ベストサービス編では、企業利用の観点から優れた特徴を備えたクラウドサービスと、そのサービスを提供するベンダーを選出した。2012年7月末時点で顧客に提供可能なサービスを、ランキングの対象とした。
最初にIaaS(インフラストラクチャー・アズ・ア・サービス)やPaaS(プラットフォーム・アズ・ア・サービス)などのクラウド基盤サービス部門を紹介する。
同部門では、ハードリソースやソフトリソースなど9分野43項目の評価を行った。今回から「顧客がリソースを専有可能かどうか」「分散処理ミドルウエア/NoSQLが利用可能かどうか」「互換性のあるクラウドを他社が提供しているか」「稼働状況の定期的な報告をしているか」といった評価項目を追加した。
クラウド基盤サービス分野でベストサービスに選出されたのは、NTTコミュニケーションズやIDCフロンティア、アマゾン データ サービス ジャパンなど11社である(表1)。
総合スコアが最も高かったのは、NTTコミュニケーションズの「Bizホスティング」で、70.4ポイントを得た。これに僅差で続いたのが、IDCフロンティアの「IDCフロンティア クラウドサービス」、アマゾン データ サービス ジャパンの「Amazon Web Services」である。
上記3社のサービスはいずれも9分野のうち8分野で満点を得た。第4回は9分野中8分野で満点を得ていたサービスはAmazon Web Servicesだけだったが、今回は三つに増えた。
IBMとユニシスが再選出
日本IBMと日本ユニシスは第3回以来の選出である。両社の共通点はハードリソース、ソフトリソース、保守サポート、の三つの評価分野で満点を獲得したこと。ハードリソースでは、CPUやメモリー、ハードディスクを柔軟に追加できるかどうかを評価。ソフトリソースでは、クラウドサービスで利用できるOSや仮想化ソフト、データベースなどの種類の多さを評価した。

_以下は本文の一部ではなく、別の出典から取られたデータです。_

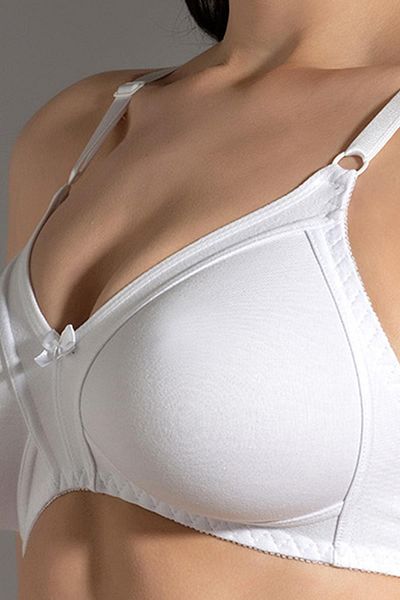 NEWBRA LINGERIE Γυναικείο Λευκό Σουτιέν Gathering 3C3T1N7O50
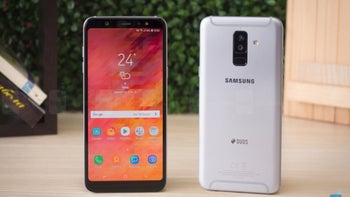 Samsung brings some Android 9.0 Pie love to the Galaxy A6+, One UI included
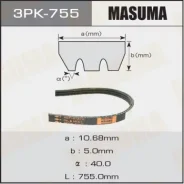 ������ ���������� Masuma 3PK- 755 Masuma ������� 3PK-755 | �������� �� ��, ������, 5 ����� | �������� �� 12 ��� | ������ � ������� | ������� 3PK-755 3...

日本IBMが提供している「IBM SmarterCloud Enterprise」では、仮想化ソフトとして「Hyper-V」や「KVM」のほかに、IBM独自の「PowerVM」を利用することができる。日本ユニシスの「U-Cloud IaaS」では、「VMware vSphere」「Xen」「Hyper-V」のほか、Oracle製品の仮想化に欠かせない「Oracle VM」が利用できる点が特徴だ。
今回のクラウドランキングでは、「保守サポート」分野で満点を得たサービスが多数あったことも特徴だ。第4回の2サービスから、8サービスに増えた。満点を得たサービスでは、24時間365日のサポートや、電話やメールなどの複数の受付方法を実現している。